→ What needs to be done:
Your answer is the lines from the one that has "Big Waterfall Photograph by Steve Triplett" through the last line of the records below, retyped exactly and alone.

Records from a data collection

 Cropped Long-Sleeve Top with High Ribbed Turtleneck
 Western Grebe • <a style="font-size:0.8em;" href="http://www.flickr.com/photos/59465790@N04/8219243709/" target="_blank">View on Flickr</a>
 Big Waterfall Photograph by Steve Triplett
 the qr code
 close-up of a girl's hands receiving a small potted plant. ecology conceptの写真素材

→ Result below:
 Big Waterfall Photograph by Steve Triplett
 the qr code
 close-up of a girl's hands receiving a small potted plant. ecology conceptの写真素材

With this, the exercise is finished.